O affaire Dreyfus é, certamente, o mais famoso e polêmico erro judiciário de todos os tempos da justiça francesa, que provocou uma crise em todos os setores da sociedade, mas é importante ressaltar que é nesse conturbado ambiente que se trata, pela primeira vez, da idéia de intelectual, da forma como essa categoria passa a ser entendida no século 20. Postura paradigmática a de Zola que será lembrada por tantos outros escritores, filósofos e pensadores que refletiram sobre o complexo papel do intelectual e sua relação com a sociedade. Jean-Paul Sartre, com a literatura engagè, Norberto Bobbio, Edward Said, Pierre Bourdier são só alguns exemplos daqueles que retomam a experiência de Zola para poder construir os seus discursos no século 20.

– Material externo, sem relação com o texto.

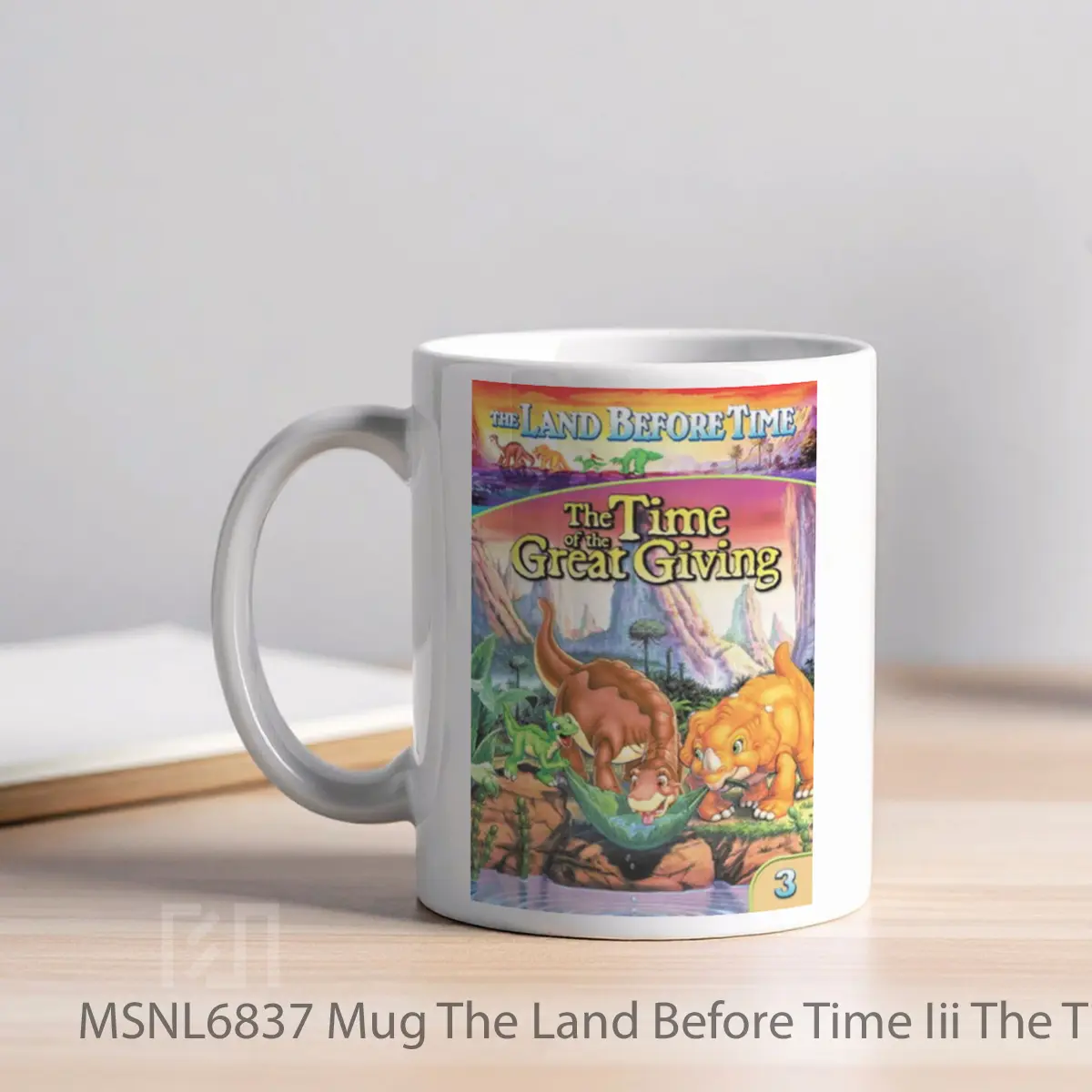 Mug The Land Before Time Iii The Time Of The Great Giving Gelas Keramik Tema Film MSNL6837 - Tampak Kiri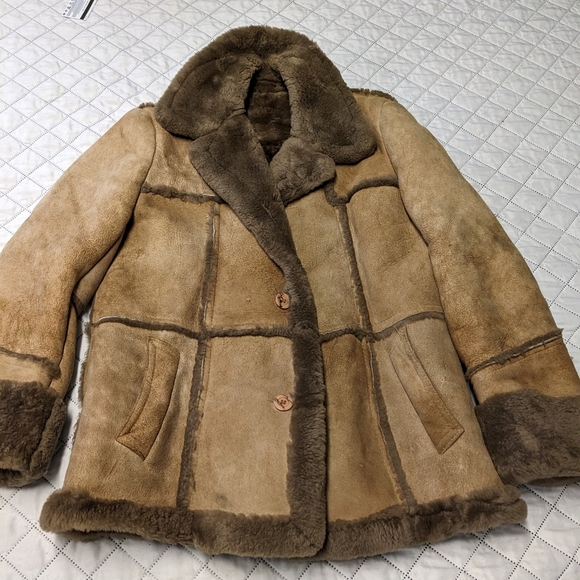 Vintage Sears Men's XL Leather Jacket - Picture 1 of 8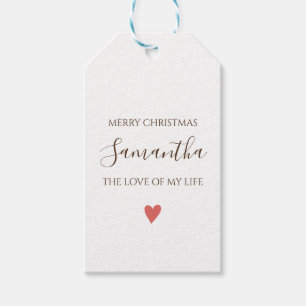 Étiquettes-cadeau Joyeux Noël à celui de votre amour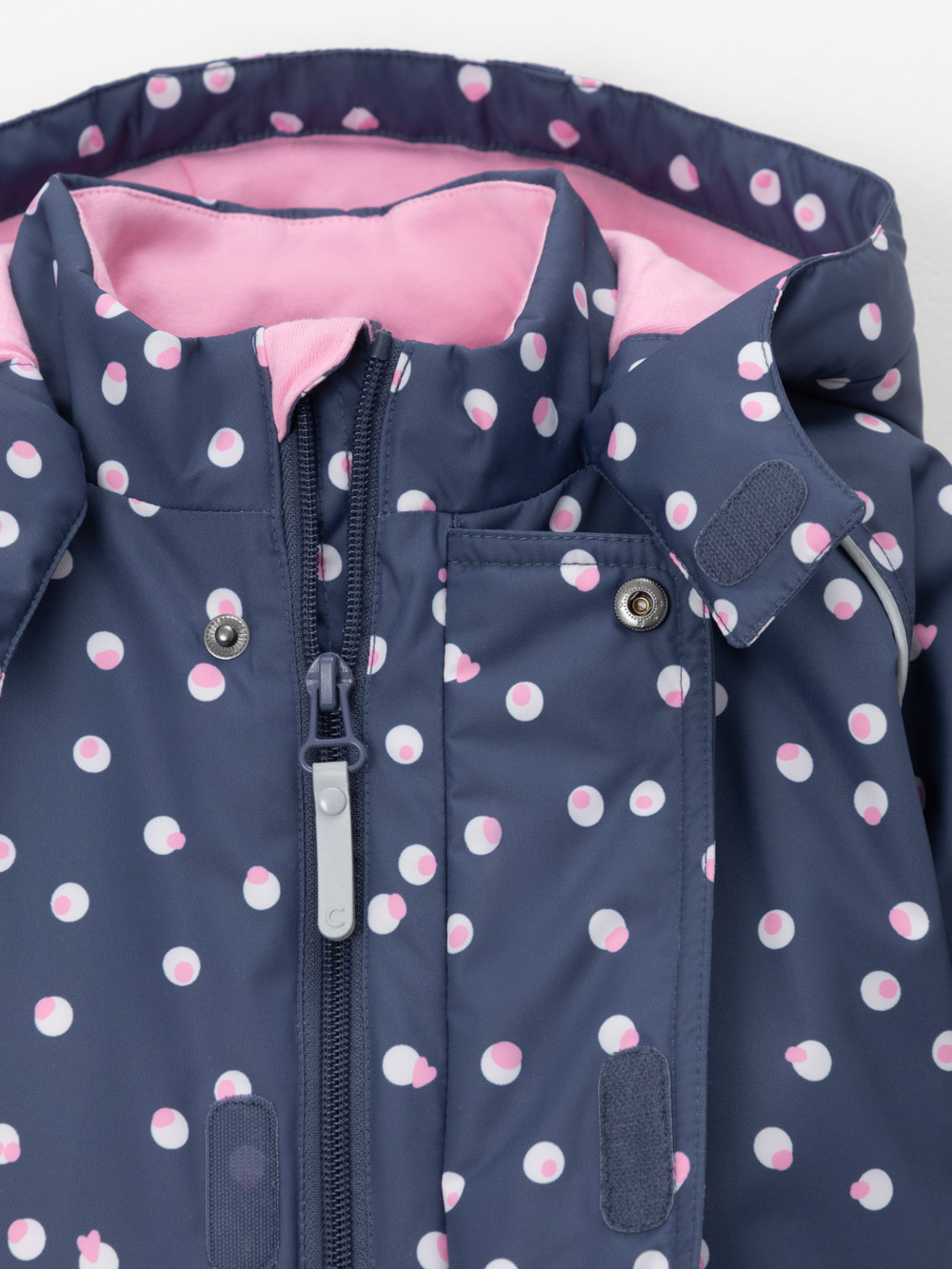 Комбинезоны утепленные для девочки, артикул: ВК 60085/н/70 Ал, цвет: синий, фото 5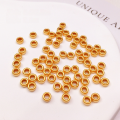 wholesale Gold-plated S925 silver spacer beads and accessories for bracelet, necklace stringing, and DIY handmade crafts-0-13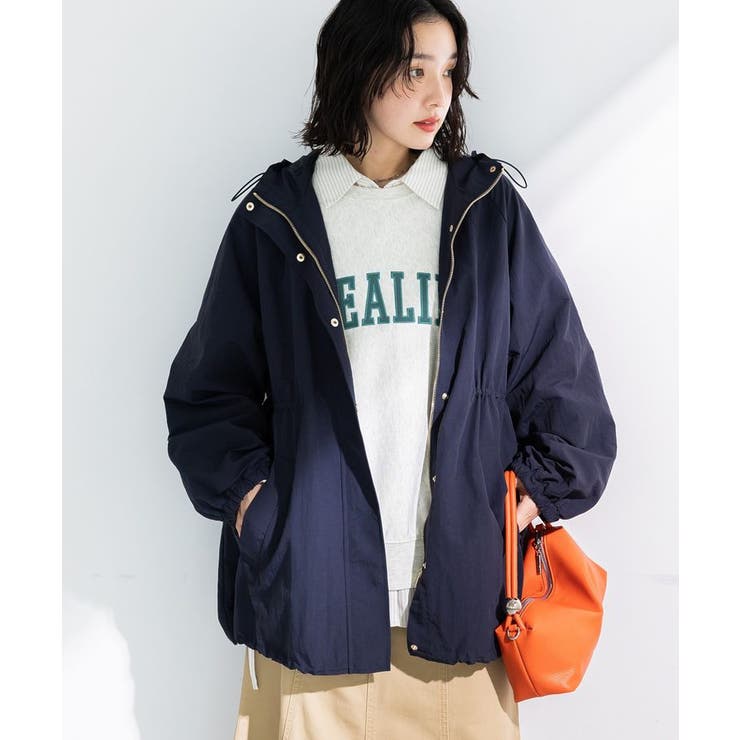 撥水加工ミディ丈マウンテンパーカー | Green Parks  | 詳細画像1 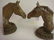 Pair of Cast Iron Horse Head Book Ends: - 3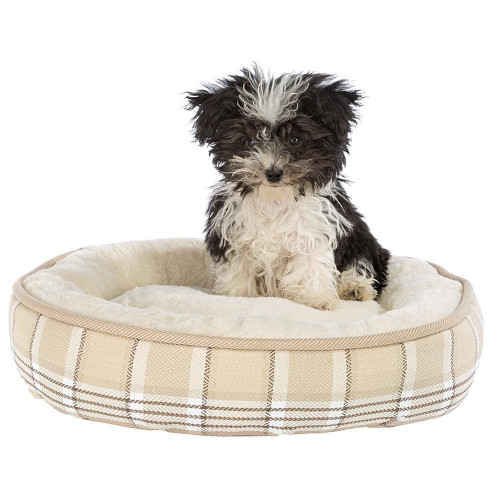 Матрац Ferplast Lagoon 60 Green Dogbed з екологічно чистого хутра для собак і котів, 60×12 см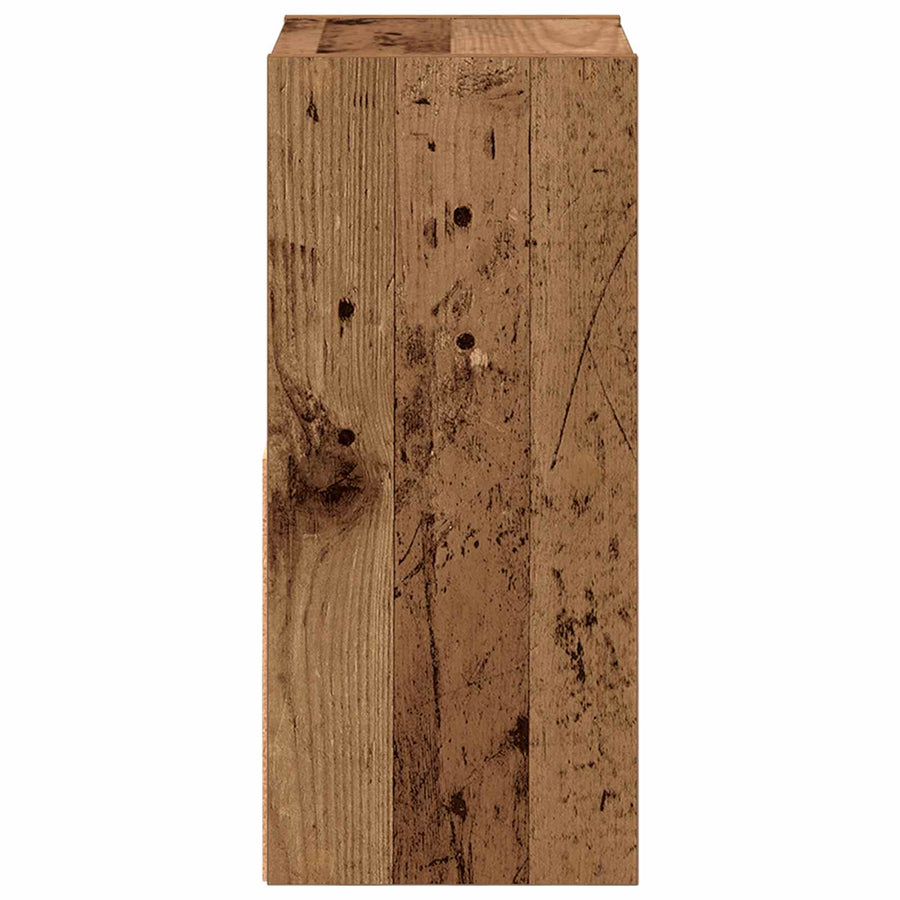 Nachtkastje met lade Oudhout 25,5 x 22 x 49,5 cm Bewerkt hout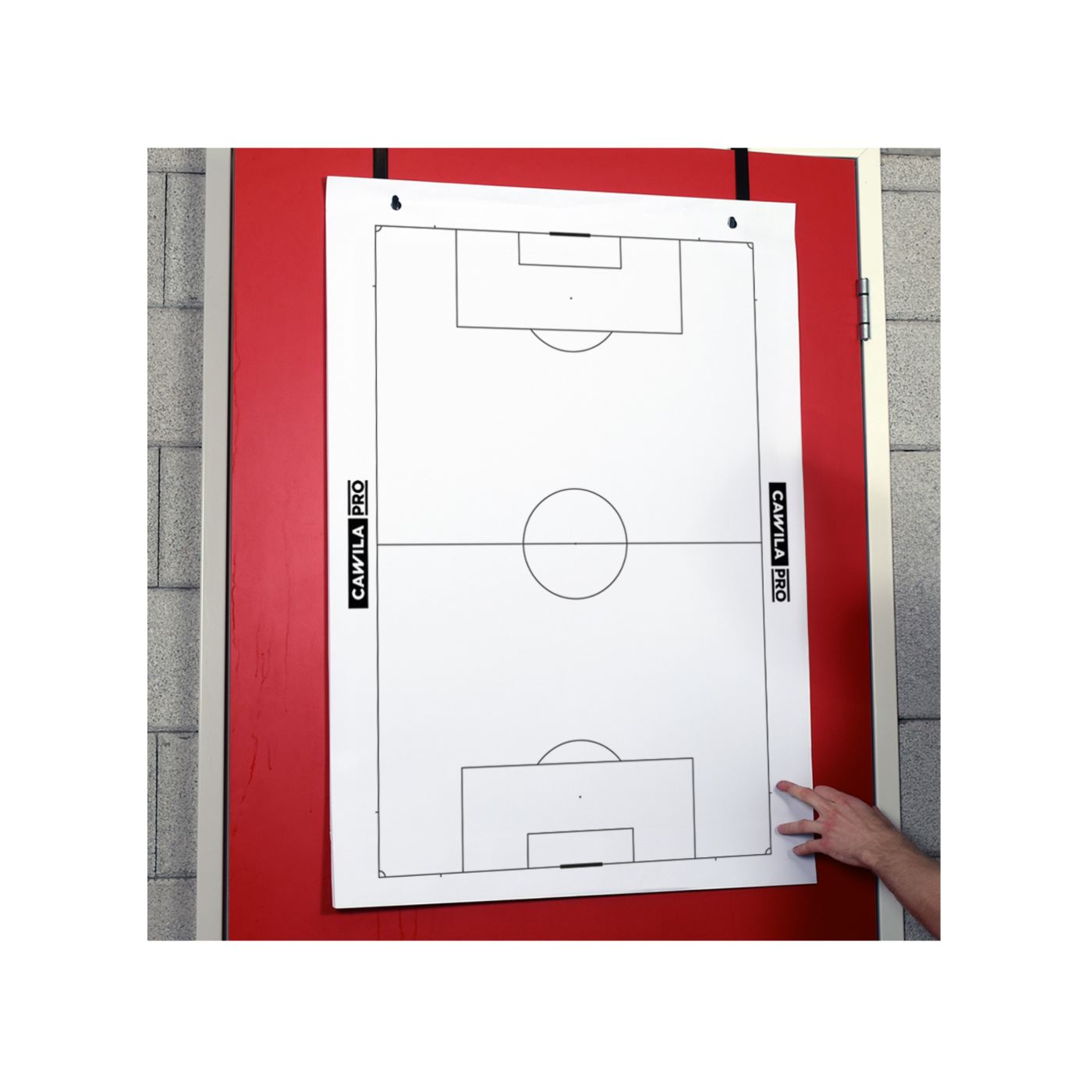 Cawila PRO Flipchartblock | Fußball | 20 Blatt | Weiss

Refletir sobre essa figura ao longo do século passado é também dar conta de uma série de mudanças e transformações que aconteceram no sistema social, cultural e político e, em relação ao indivíduo, na esfera do público e do privado. Como coloca Bourdieu:
O J’accuse! é o auge e a consumação de um processo coletivo de emancipação que progressivamente se foi cumprindo no campo de produção cultural: enquanto, ruptura profética com a ordem estabelecida, reafirma, contra todas as razões de Estado, a irredutibilidade dos valores de verdade e de justiça, e, no mesmo ato, a independência dos guardiões desses valores em relação às normas da política (as do patriotismo, por exemplo), e às imposições da vida econômica.
Uma polêmica que não deixou de ter conseqüências no campo político, obviamente, mas que também marcou as relações entre literatura e história e o papel do escritor como um produtor de significados.